L’une d’elles me retint. J’avais quelques lectures militaires car les méthodes m’intéressaient par elles-mêmes, et qu’il n’y avait guère à cette époque d’exemples d’organisation à grande échelle avec division des fonctions et hiérarchie que dans les armées européennes de premier rang. La généralisation de ce type me parut possible. La guerre économique n’est qu’une des formes de la guerre naturelle des êtres : je ne dis pas des hommes, car on peut douter si l’homme n’est pas encore à l’état de projet…

J’observai aussi que la science du type moderne se rapprochait d’autant plus aisément de ces activités organisées qu’elle en avait fourni le modèle. Elle divise, spécialise, exige discipline, etc. Je déduisais enfin de mes comparaisons de graves pronostics. Ici je me permettrai de me citer :

… « Tous les peuples qui arrivent à l’état de grandes nations ou qui reprennent ce rang à une époque déjà pourvue de grandes nations, plus anciennes et plus complètes, tendent à imiter subitement ce qui a demandé des siècles d’expérience aux nations aînées, et s’organisent entièrement selon une méthode délibérée, de même qu’une cité délibérément construite s’élève toujours sur un plan géométrique. L’Allemagne, l’Italie, le Japon sont de telles nations recommencées fort tard sur un concept scientifique aussi parfait que l’analyse des prospérités voisines et des progrès contemporains pouvait le fournir.

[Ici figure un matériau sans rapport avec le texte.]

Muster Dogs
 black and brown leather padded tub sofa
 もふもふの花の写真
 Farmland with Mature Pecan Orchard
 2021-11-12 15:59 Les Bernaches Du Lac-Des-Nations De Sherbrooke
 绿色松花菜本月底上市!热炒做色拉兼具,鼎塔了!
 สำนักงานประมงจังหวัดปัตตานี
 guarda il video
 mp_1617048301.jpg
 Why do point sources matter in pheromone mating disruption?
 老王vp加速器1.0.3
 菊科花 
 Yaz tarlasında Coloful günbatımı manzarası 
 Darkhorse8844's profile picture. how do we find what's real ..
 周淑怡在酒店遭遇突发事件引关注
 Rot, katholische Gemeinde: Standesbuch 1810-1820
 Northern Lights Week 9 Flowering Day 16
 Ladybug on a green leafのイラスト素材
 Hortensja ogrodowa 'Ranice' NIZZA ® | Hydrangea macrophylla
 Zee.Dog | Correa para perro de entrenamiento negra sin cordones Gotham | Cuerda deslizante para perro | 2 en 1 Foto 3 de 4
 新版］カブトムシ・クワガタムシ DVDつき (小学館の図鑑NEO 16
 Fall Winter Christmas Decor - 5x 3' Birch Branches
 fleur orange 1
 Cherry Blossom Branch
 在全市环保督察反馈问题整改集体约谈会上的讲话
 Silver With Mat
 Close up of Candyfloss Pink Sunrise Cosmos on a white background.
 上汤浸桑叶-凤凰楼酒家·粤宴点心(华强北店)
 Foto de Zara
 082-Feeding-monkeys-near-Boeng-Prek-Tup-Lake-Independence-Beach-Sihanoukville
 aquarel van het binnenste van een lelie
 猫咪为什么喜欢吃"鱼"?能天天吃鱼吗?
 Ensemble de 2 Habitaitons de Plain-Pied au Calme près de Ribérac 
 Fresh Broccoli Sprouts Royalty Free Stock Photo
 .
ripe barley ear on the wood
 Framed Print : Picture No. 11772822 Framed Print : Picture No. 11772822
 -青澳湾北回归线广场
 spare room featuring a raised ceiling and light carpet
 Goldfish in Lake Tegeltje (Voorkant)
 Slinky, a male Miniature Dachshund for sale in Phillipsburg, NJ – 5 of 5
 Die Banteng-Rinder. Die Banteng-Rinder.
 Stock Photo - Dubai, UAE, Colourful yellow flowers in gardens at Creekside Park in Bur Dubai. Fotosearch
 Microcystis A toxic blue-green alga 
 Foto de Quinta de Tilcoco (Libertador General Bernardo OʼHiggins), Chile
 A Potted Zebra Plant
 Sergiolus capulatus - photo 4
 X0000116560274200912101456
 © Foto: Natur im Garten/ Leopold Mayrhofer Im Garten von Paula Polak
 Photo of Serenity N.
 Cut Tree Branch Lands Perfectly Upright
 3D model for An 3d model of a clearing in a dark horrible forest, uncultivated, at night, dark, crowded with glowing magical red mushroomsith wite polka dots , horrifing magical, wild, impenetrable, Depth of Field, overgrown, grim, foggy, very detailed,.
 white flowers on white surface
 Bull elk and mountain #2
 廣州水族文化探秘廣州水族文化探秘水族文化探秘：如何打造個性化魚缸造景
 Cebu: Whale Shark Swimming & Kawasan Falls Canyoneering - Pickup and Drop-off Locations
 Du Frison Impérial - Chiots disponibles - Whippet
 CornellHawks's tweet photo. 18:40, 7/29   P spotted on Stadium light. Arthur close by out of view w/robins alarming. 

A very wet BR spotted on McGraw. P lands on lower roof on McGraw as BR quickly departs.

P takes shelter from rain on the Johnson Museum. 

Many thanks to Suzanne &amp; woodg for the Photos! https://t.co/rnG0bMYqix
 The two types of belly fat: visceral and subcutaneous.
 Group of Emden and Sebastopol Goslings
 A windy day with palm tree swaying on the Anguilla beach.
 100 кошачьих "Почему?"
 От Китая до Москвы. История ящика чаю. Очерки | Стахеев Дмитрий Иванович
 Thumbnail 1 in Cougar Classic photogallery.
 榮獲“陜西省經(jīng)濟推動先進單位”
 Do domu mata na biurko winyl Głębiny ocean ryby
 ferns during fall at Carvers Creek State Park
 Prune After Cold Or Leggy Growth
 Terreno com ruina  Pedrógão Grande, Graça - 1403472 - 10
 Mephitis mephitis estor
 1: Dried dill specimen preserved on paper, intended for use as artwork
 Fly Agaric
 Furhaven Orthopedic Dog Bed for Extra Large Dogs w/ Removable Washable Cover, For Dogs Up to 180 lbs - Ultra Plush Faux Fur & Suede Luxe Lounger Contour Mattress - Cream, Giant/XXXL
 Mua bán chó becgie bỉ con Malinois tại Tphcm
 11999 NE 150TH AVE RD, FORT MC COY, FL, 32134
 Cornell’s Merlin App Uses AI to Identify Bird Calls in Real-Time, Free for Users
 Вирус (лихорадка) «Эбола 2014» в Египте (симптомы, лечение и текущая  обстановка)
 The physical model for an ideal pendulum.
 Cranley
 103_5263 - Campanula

La Russie offrirait le même exemple si l’immensité de son territoire ne mettait obstacle à l’exécution rapide d’un projet d’ensemble…

… Le Japon doit penser que l’Europe était faite pour lui »…

Cet article a paru le 1er  janvier 1897 dans la « New Review ». Il est âgé de 47 ans. Toutefois le rapprochement des noms des nations qui s’y trouve, et quelques-unes des idées qu’il contient me semblent n’avoir pas perdu toute signification. Ce qui se passe en Extrême-Orient et même ailleurs me fait l’effet d’un souvenir.



  1. 1938.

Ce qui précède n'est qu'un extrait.